Unlocking the Door to GCC

Unlocking the Door to GCC

START

Hi, everyone! I am Mu Rong.

Today, I will introduce you to GCC.

First, let me clarify: the uppercase GCC and lowercase gcc are not the same thing. Let’s take it slow…

1. What is GCC?

The GNU Compiler Collection (GCC) is a compiler toolchain developed by the GNU project that supports various programming languages, hardware architectures, and operating systems. The Free Software Foundation (FSF) releases GCC as free software under the GNU General Public License (GNU GPL). GCC is a key component of the GNU toolchain and is the standard compiler for most projects related to GNU and the Linux kernel. As of 2019, GCC has about 15 million lines of code, indicating its extensive functionality, making it one of the largest free software programs in existence. As a tool, it has played an important role in the development of free software.

In its early days, GCC stood for GNU C Compiler, and it was initially designed solely for compiling C language code. However, with continuous iterations, the functionality of GCC has greatly expanded, and it can now compile programs written in various languages, including C, C++, Objective-C, Java, Fortran, Pascal, Modula-3, and Ada.

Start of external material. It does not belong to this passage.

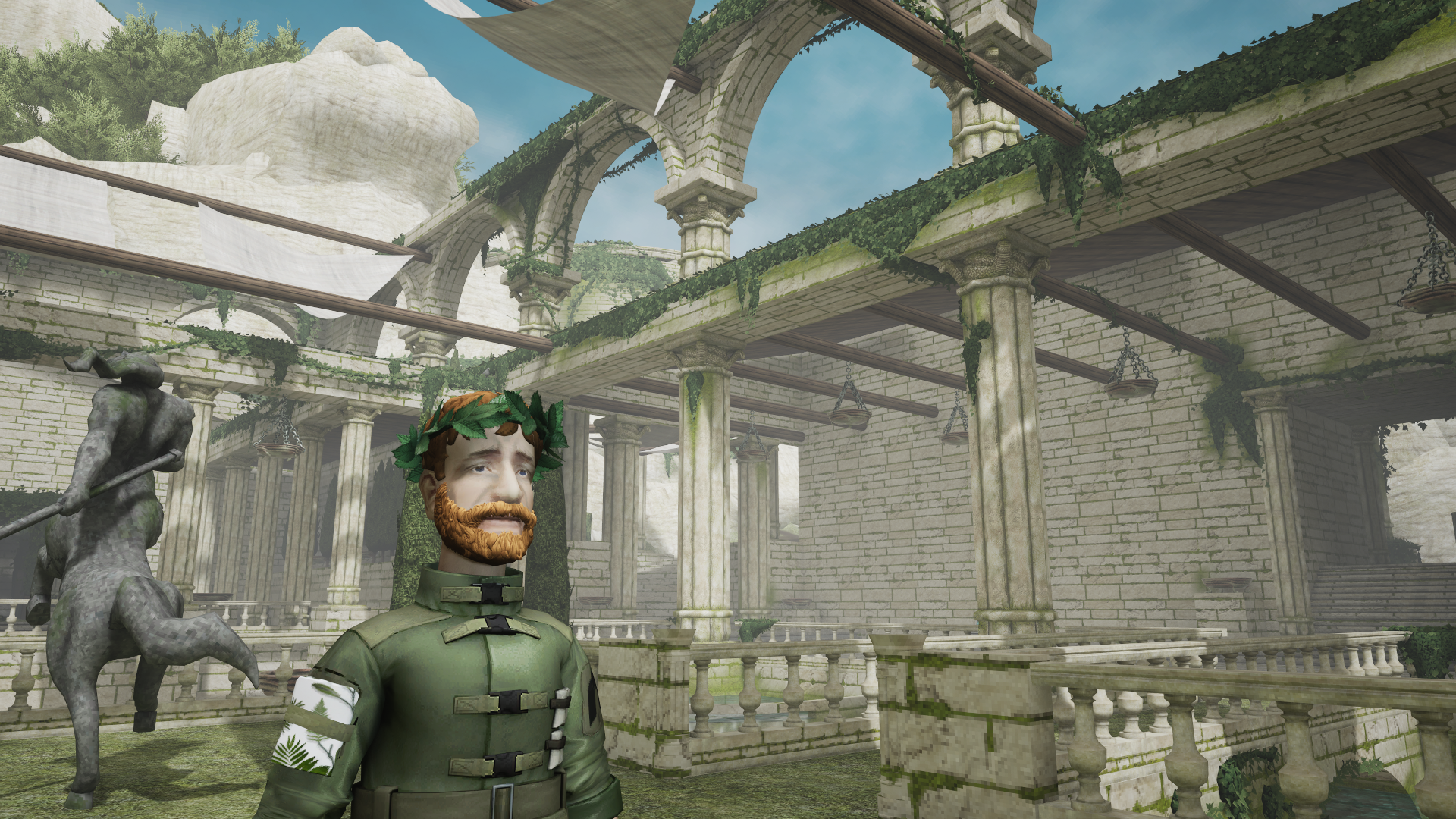A scientist wearing a botanist's outfit explores an ancient stone temple in Abiotic Factor's first DLC.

GCC official website: https://gcc.gnu.org, the latest version is currently: GCC 12.2 (changes)

Unlocking the Door to GCC

Features

  • GCC is a portable compiler that supports various hardware platforms, such as ARM and X86.
  • It can also perform cross-platform compilation. A local compiler only allows the compiled program to run in the local environment, whereas a program compiled with GCC can run on other platforms. For example, an embedded program can be compiled on x86 and then run on ARM.
  • GCC supports multiple languages for parsing different languages.
  • It is designed in a modular fashion, allowing for the addition of support for new languages and new CPU architectures.
  • GCC is free software, meaning anyone can use or modify it.

This article focuses on important knowledge points about GCC commonly used in Linux.

GCC vs gcc vs g++

  • GCC refers to the GNU Compiler Collection, which includes compilers, linkers, assemblers, etc. It is primarily used to compile C and C++ languages, but can also compile Objective-C and Objective-C++ programs.
  • gcc (GNU C Compiler) represents the GNU C language compiler; g++ represents the GNU C++ language compiler. However, fundamentally, gcc and g++ are not true compilers; they are merely two tools within GCC that call the actual compiler to compile the code when compiling C/C++ programs. You can understand it simply: gcc calls the C compiler, while g++ calls the C++ compiler.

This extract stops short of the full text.